Jeroen Dobbelaere via Phabricator via llvm-commits llvm-commits at lists.llvm.org
Sat Jan 23 02:51:05 PST 2021


jeroen.dobbelaere added inline comments.


================
Comment at: llvm/lib/Transforms/InstCombine/InstructionCombining.cpp:3753
+  void analyse(Instruction *I) {
+    if (auto *MD = I->getMetadata(LLVMContext::MD_alias_scope))
+      for (auto &MDOperand : cast<MDNode>(MD)->operands())
----------------
nikic wrote:
> jeroen.dobbelaere wrote:
> > nikic wrote:
> > > Why only MD_alias_scope and not also MD_noalias?
> > `MD_noalias` is telling what scopes (variables) are 'active'/'visible' for the memory instruction, but to which it will not alias.
> > `MD_alias_scope`is telling what 'variable(s)' is/are associated to the memory instruction (to which it _will_ alias).
> > 
> > A no-aliasing relationship between two instructions can be deduced by checking if the `!alias.scope` of one instruction is a subset of the `!noalias` of the other instruction (also taking into account the 'domain').
> > 
> > Once a scope is not any more used in `!alias.scope` (aka, those memory instructions have been optimized away, or they lost the metadata), the location of that scope declaration has no influence any more and can be omitted.
> > (With the full restrict patches, this corresponds the usage count of the declaration becoming 0)
> > 
> >  Of course the same reasoning can be done for the `!noalias` metadata: once a declared scope is not used any more in `!noalias` you can come to the same conclusion and omit that declaration.
> > 
> > hmm..
> > 
> > My reasoning was that we are more likely to hit this with the '!alias.scope'. But a more complete solution can also track the `UsedNoAliasScopes`. If the declared scope is not found in one of the two, it (and its declaration) become useless and we can omit it.
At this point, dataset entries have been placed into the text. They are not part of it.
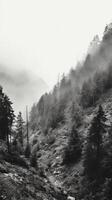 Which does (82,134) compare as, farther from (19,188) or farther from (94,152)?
(19,188)

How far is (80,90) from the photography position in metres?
83.5

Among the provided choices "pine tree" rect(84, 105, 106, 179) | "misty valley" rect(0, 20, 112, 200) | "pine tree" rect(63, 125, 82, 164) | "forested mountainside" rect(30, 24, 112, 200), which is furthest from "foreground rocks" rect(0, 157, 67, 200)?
"pine tree" rect(63, 125, 82, 164)

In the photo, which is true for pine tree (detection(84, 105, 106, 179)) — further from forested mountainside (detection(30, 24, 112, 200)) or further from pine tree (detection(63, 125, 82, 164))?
pine tree (detection(63, 125, 82, 164))

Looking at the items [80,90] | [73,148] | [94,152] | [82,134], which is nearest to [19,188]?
[94,152]

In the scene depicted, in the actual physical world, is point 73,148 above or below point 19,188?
above

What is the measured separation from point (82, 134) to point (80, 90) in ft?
117

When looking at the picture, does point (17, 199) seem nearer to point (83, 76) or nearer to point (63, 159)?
point (63, 159)

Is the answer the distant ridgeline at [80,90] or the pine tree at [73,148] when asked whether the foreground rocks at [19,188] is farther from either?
the distant ridgeline at [80,90]

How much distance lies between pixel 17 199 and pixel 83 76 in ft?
268

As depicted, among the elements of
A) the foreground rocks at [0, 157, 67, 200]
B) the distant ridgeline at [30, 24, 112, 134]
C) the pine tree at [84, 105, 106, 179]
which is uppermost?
the distant ridgeline at [30, 24, 112, 134]

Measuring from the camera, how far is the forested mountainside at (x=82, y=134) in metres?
33.4

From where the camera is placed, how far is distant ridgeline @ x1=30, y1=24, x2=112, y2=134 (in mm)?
72688

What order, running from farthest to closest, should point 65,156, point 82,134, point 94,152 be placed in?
point 82,134 → point 65,156 → point 94,152

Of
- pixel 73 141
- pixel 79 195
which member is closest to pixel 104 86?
pixel 73 141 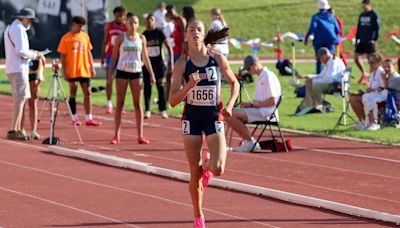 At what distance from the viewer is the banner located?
128ft

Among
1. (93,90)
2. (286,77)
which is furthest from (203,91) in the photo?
(286,77)

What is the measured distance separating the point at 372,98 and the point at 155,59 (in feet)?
15.0

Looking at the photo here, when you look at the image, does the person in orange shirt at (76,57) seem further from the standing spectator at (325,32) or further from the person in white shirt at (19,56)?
the standing spectator at (325,32)

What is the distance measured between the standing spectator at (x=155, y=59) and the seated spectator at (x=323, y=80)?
102 inches

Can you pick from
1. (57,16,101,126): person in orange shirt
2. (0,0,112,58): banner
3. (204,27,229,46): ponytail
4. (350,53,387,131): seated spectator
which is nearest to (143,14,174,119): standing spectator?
(57,16,101,126): person in orange shirt

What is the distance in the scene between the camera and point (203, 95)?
10.6m

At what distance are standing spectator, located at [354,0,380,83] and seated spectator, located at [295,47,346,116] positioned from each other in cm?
581


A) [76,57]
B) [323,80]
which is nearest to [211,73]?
[76,57]

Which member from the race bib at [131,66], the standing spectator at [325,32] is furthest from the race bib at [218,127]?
the standing spectator at [325,32]

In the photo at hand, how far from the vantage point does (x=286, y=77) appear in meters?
31.5

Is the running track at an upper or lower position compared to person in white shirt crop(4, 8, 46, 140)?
lower

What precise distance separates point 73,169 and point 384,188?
4125mm

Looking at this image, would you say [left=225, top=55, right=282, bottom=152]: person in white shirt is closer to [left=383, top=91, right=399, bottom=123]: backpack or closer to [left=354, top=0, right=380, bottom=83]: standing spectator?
[left=383, top=91, right=399, bottom=123]: backpack

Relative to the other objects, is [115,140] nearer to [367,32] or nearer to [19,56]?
[19,56] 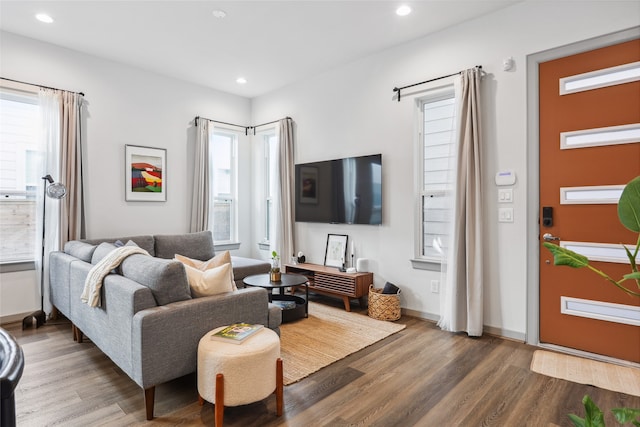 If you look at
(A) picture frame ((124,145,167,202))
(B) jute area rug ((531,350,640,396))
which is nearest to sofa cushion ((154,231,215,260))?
(A) picture frame ((124,145,167,202))

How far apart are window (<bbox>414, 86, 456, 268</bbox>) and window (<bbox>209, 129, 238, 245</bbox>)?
3152 millimetres

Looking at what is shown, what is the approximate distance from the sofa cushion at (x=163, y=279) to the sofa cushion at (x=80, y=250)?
1.13 m

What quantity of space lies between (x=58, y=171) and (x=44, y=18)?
1.53 m

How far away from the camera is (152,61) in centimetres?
447

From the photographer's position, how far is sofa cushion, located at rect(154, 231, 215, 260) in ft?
14.8

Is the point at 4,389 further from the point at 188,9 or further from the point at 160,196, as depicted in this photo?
the point at 160,196

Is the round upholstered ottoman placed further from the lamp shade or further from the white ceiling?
the white ceiling

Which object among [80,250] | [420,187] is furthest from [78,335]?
Answer: [420,187]

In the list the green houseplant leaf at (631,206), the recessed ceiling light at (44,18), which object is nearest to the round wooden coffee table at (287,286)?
the green houseplant leaf at (631,206)

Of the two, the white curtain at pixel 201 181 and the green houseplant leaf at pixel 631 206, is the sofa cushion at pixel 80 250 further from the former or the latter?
the green houseplant leaf at pixel 631 206

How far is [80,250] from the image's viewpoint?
131 inches

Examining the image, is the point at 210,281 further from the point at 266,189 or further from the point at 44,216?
the point at 266,189

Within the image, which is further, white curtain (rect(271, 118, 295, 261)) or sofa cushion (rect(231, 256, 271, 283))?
white curtain (rect(271, 118, 295, 261))

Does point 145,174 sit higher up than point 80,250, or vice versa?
point 145,174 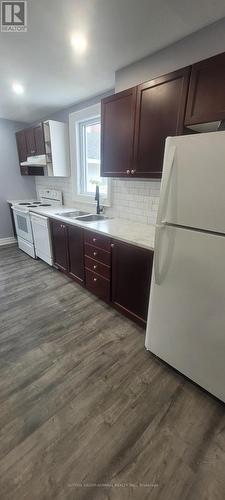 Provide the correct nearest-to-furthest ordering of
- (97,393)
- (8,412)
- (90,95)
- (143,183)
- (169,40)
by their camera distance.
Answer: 1. (8,412)
2. (97,393)
3. (169,40)
4. (143,183)
5. (90,95)

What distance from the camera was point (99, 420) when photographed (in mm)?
1285

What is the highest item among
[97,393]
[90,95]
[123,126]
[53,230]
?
[90,95]

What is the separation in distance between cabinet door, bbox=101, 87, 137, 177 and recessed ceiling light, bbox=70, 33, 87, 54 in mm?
421

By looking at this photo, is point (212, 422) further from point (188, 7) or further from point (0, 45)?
point (0, 45)

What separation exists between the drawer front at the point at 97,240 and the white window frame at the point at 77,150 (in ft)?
2.24

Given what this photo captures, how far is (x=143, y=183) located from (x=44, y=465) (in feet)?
7.61

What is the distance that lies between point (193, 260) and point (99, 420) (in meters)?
1.13

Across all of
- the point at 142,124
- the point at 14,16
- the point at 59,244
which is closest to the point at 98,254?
the point at 59,244

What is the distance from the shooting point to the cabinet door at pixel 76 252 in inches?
98.5

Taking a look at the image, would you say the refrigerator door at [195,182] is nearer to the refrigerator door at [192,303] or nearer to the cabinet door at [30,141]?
the refrigerator door at [192,303]

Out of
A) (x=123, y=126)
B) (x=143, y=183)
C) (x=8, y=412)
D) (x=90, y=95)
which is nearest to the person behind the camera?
(x=8, y=412)

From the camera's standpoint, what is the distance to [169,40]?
170 centimetres

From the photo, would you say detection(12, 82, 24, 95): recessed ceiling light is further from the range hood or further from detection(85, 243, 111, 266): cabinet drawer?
detection(85, 243, 111, 266): cabinet drawer

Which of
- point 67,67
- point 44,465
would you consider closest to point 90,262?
point 44,465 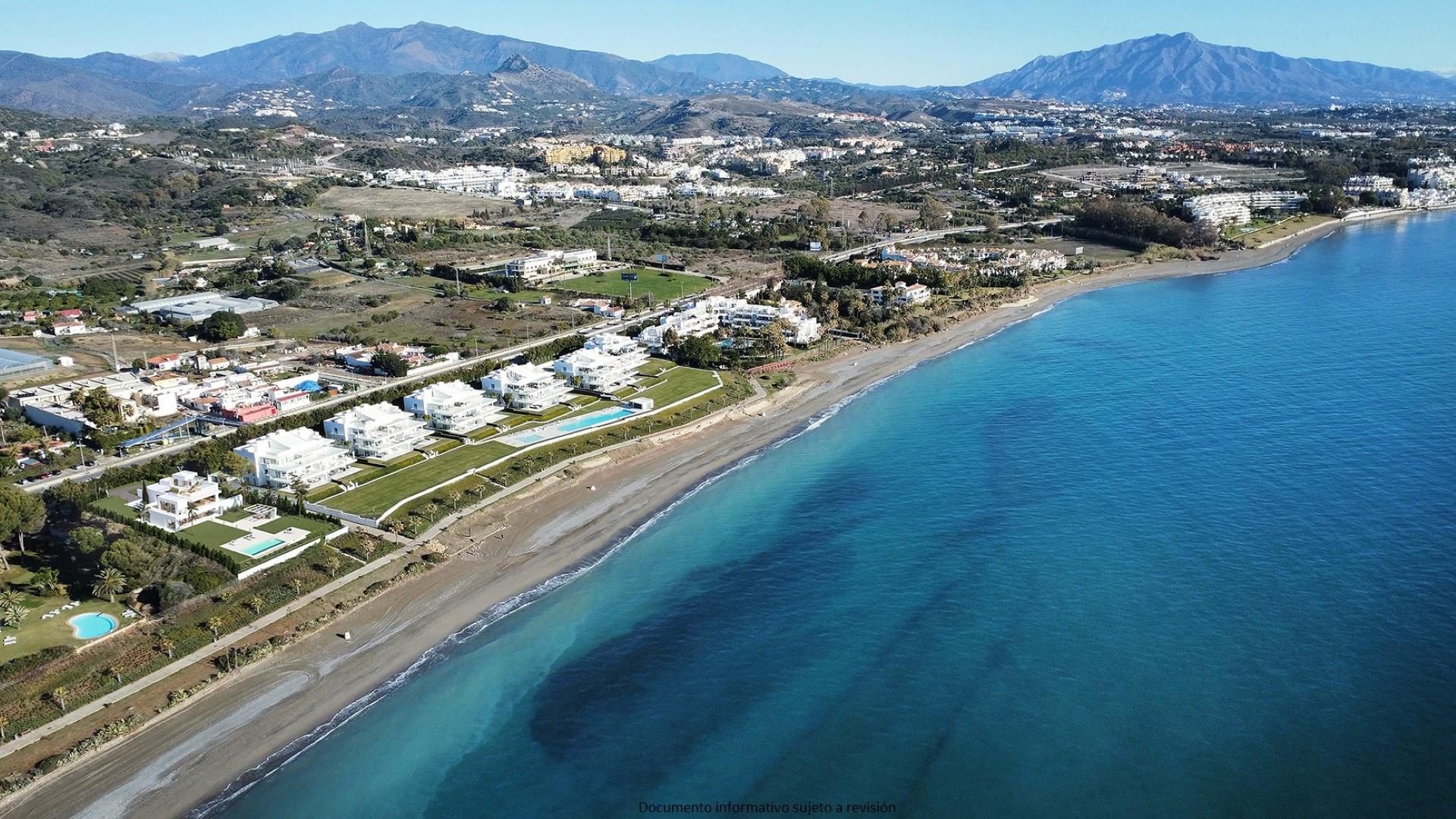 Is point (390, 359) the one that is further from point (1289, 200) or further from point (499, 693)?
point (1289, 200)

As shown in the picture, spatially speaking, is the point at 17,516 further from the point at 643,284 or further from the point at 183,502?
the point at 643,284

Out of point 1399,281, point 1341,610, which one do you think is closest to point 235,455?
point 1341,610

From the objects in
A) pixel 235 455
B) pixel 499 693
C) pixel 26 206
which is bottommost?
pixel 499 693

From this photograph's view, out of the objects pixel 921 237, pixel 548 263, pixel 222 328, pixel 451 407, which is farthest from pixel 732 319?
pixel 921 237

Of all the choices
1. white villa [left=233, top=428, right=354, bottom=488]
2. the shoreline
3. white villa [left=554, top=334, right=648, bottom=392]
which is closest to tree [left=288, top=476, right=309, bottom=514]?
white villa [left=233, top=428, right=354, bottom=488]

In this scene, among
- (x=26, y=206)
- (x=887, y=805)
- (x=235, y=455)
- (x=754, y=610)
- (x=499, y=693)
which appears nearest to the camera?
(x=887, y=805)

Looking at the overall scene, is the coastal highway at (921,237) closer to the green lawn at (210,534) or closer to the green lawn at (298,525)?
the green lawn at (298,525) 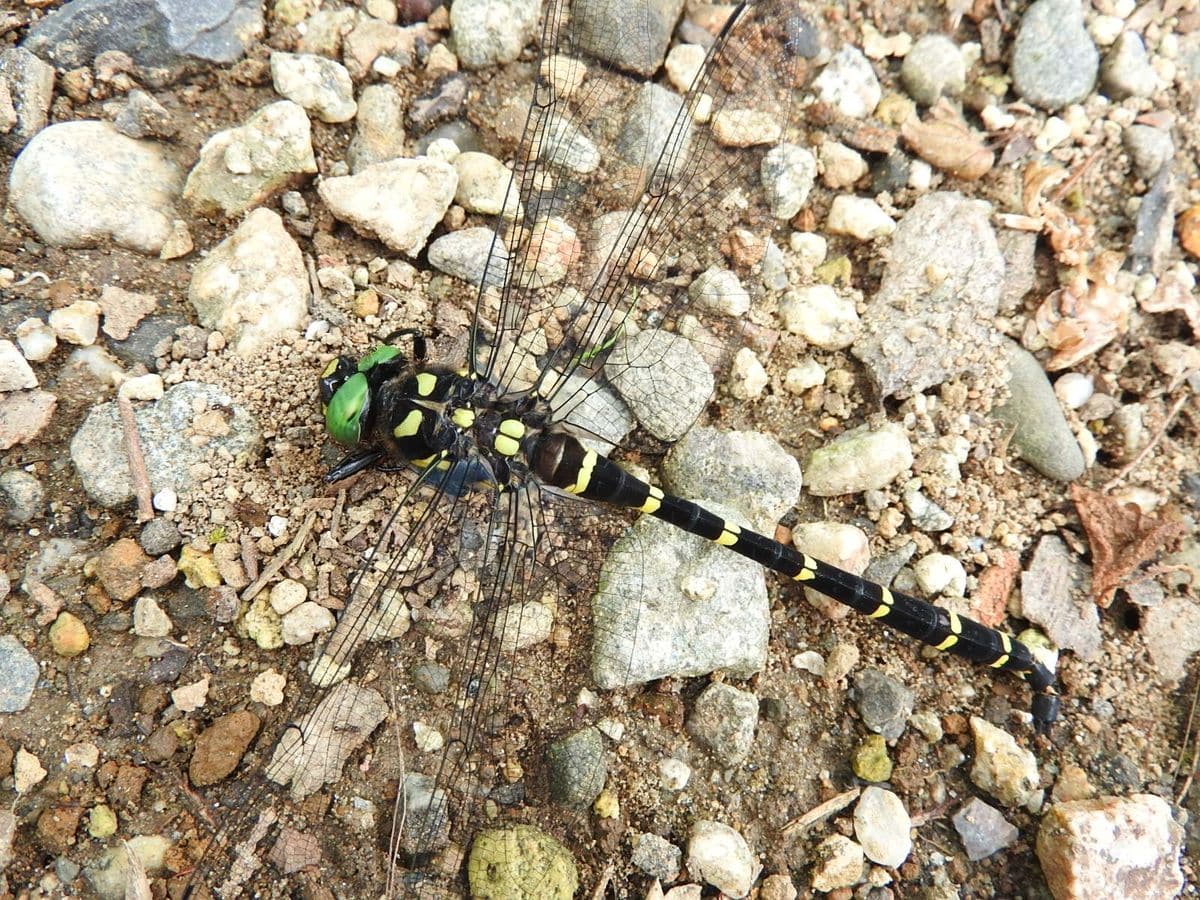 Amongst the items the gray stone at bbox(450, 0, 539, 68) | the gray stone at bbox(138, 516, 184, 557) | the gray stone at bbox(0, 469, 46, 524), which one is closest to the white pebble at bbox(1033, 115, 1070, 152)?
the gray stone at bbox(450, 0, 539, 68)

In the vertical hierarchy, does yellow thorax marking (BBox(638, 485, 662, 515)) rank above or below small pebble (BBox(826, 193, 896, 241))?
below

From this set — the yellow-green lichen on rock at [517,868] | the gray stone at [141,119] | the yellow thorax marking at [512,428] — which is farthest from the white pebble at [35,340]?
the yellow-green lichen on rock at [517,868]

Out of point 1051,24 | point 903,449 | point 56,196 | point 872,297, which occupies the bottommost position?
point 56,196

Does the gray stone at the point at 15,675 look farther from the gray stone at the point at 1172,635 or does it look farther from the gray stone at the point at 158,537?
the gray stone at the point at 1172,635

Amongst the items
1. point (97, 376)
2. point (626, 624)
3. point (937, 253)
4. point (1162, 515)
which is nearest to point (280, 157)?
point (97, 376)

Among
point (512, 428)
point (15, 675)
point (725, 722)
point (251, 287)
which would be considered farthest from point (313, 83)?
point (725, 722)

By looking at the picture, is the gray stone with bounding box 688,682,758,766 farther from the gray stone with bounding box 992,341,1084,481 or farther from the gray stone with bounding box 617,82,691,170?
the gray stone with bounding box 617,82,691,170

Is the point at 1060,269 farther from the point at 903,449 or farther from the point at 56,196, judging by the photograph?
the point at 56,196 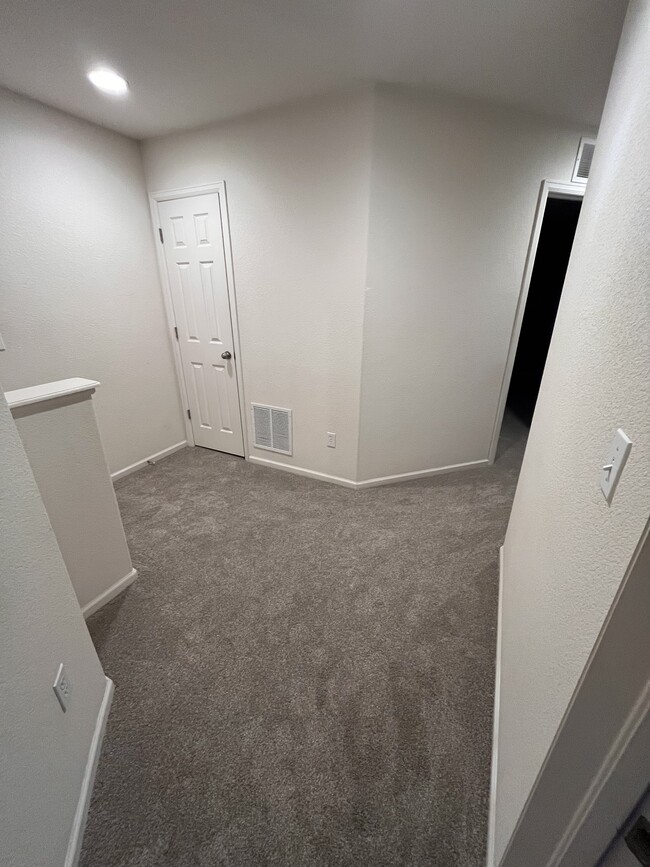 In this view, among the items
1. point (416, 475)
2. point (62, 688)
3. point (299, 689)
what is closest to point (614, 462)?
point (299, 689)

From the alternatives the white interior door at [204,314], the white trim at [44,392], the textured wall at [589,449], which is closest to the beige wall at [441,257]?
the textured wall at [589,449]

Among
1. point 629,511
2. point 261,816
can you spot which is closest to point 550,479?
point 629,511

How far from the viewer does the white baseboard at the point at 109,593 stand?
163cm

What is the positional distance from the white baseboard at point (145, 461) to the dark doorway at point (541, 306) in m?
3.84

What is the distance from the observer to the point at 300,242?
2297 mm

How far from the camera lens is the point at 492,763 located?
43.8 inches

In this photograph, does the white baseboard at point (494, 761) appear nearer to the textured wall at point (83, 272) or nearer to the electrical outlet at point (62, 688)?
the electrical outlet at point (62, 688)

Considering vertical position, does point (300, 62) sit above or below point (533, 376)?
above

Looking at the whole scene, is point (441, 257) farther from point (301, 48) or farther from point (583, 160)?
point (301, 48)

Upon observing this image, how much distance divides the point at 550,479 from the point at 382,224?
1806mm

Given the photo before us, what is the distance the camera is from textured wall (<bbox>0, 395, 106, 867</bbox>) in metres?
0.75

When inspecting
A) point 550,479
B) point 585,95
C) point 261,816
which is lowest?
point 261,816

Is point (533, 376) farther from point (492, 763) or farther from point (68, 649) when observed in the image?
point (68, 649)

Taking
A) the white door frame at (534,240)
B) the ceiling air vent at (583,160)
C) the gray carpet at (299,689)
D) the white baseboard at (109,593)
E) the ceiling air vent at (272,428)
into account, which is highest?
the ceiling air vent at (583,160) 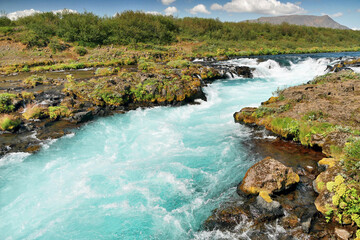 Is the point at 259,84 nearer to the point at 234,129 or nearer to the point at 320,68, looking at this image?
the point at 320,68

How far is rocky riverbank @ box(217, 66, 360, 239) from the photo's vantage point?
6.02m

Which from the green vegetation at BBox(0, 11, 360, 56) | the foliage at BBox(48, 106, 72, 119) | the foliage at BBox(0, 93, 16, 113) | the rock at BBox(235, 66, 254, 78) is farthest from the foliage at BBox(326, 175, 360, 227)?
the green vegetation at BBox(0, 11, 360, 56)

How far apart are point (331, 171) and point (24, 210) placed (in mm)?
11408

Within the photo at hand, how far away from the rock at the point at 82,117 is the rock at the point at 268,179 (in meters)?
11.6

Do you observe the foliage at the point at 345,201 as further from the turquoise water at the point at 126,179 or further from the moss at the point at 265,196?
the turquoise water at the point at 126,179

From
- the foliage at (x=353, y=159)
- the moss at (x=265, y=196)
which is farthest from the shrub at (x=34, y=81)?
the foliage at (x=353, y=159)

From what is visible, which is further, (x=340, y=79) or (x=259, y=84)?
(x=259, y=84)

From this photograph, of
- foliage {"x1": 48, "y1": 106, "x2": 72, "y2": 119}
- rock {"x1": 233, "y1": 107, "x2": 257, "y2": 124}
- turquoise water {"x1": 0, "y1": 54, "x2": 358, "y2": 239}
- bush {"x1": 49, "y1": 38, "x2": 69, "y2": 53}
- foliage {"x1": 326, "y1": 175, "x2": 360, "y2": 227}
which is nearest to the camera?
foliage {"x1": 326, "y1": 175, "x2": 360, "y2": 227}

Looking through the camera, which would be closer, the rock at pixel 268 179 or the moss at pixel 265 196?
the moss at pixel 265 196

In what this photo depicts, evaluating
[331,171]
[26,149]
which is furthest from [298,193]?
[26,149]

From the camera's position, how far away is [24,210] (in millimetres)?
7723

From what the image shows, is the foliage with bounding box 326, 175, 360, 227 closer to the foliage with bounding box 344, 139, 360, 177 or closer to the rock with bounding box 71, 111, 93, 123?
the foliage with bounding box 344, 139, 360, 177

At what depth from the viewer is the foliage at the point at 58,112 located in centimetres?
1430

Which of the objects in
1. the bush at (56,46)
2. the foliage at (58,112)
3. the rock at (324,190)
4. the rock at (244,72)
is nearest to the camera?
the rock at (324,190)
Removing the declaration is easy and safe. I am not sure if removing the metadata associated with that scope is also easy and safe to do. Shared metadata between functions could make it tricky, although that should only happen in testcases as far as I am aware. 
> > 
> > So, the short answer is: focusing on `MD_alias_scope` is likely the most effective (and corresponds to how the full restrict patches handle it)
> > 
> > But, extending the analysis to also track `MD_noalias` can provide a more complete solution, at a slightly higher cost.
> > 
> > @hfinkel, do you agree with my reasoning ?
> > 
> > @nikic, @jdoerfert shall I add the `UsedNoAliasScopes` tracking as well ?
> > Whatever we choose, some extra explanation why this is valid should also be added.
> > 
> At least longer term, I would like that every scope use also has a corresponding decl. With that in mind, I don't really like the idea of leading behind "dangling" scope references, even if it is technically correct.
> 
> If it doesn't lose much practical optimization power, I would prefer it if we only dropped decls for scopes that are used in neither alias.scope nor noalias. But if this is a significant restriction, then I think your current approach of looking at alias.scope is fine (as it is annotated to loads, and those are much more likely to be eliminated than stores).
I understand.

Again, the original idea is based on the full restrict version with the 'usage based' elimination of the scope declarations: when no actual pointer is based on the scope declaration associated with the restrict pointer, that declaration is not needed any more. A 'completely clean' version could combine this with going over _all_ instructions in the function and removing that scope from the metadata. With full restrict, that cost was considered to be too high. There, it is also possible to have multiple declarations using the same scope, but associated to different 'restrict pointers' sharing that scope.

IMHO, it does not make sense to only remove the declaration if the scope is not used at all. Once it is not used by either all `!alias.scope`, or all `!noalias`, it can be removed. A further refinement can indeed spend time in actually removing the unused/ineffective scope from the metadata. But I would rather do that as a followup change.